1. 1. To Promote interest in mathematics
2. 2. To provide practice in addition of whole numbers in a context other than pure drill

I. What is a palindrome?

• A palindrome is something, which when written backwards or forwards, is the same thing.
• A palindrome may be a word such as mom, pop, sis, toot, or radar.
• Some more ardent palindromists have have developed long phrases or sentences that are palindromes. Some examples are:

  1. Madam, I'm Adam.

  2. Palindromists looked diligently for an appropriate response, but for a long time the best they could muster was "Sir, I'm Iris."

  3. Finally, some palindromist came up with "Even am I, man, Eve." Sure, it's convoluted, but it is a palindrome.

  4. Do nine men interpret? Nine men, I nod.

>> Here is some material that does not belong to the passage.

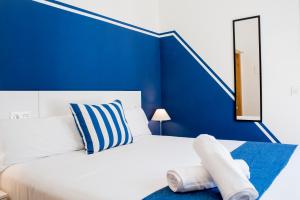 Posteľ alebo postele v izbe v ubytovaní Hotel Náutico Santander
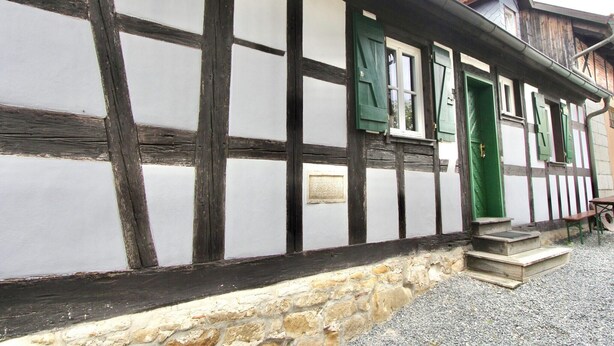 A traditional half-timbered building with a stone foundation, a green door, and a small set of steps leading to the entrance. - Schlossgut Franken (Redwitz an der Rodach)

  5. A man, a plan, a canal: Panama.

  6. One of the best is Napolean's lament when he was banished from France to the Isle of Elba: "Able was I ere I saw Elba."

II. Number Palindromes

Number palindromes, unlike sentence palindromes, are easy to make. All you have to do is just to write down a number palindrome. However, the thing that makes number palindromes useful is having them arise through computation. This is the way palindromes provide practice in computation in a context other than repetitive drill. Here are some ways to do this:

1. 1. List the sequence of numbers 11x11, 111x111, 1111x1111, and so on until a palindrome does not result. Before you start, can you predict at what point the result will not be a palindrome? Here are the first three computations. See if you can find the pattern that is emerging.

   a. 11x11 = 121

   b. 111x111 = 12321

   c. 1111x1111 = 1234321

   2. List the sequence of numbers 11, 11 squared, 11 cubed, 11 to the fourth power, and so on ubtil you do not get a palindrome. Here are the first three computations:

   a. 11

   b. 11x11 = 121

   c . 11x11x11 = 1331

   3. The system leading to palindromes that provides the most practice in addition of whole numbers is this:

   a. Write down any whole number,

   b. Reverse the order of the digits.

   c. Add the two numbers.

   d. If this produces a palindrome, you are through.

   e. If this does not produce a palindrome, reverse the digits on your sum and add the new number to the number you just reversed.

   Example:

   78 + 87 = 165

   165 + 561 = 726

   726 + 627 = 1353

   1353 + 3531 = 4884 (Which is a palindrome.)

A palindrome occurs much more quickly with some numbers, and takes much longer with others. A good computational exercise is to apply this process to all numbers from 80 through 100. Most of these choices are easy, but 89 is a scorcher. It finally becomes a 13 digit palindrome. Note that 98 is included in the above sequence, and a student should notice that 98 is the same as 89 for this process.

Note: Do not try 198. This number has been tried by a powerful computer and a palindrome has never been found. No one knows whether the process would eventually lead to a palindrome.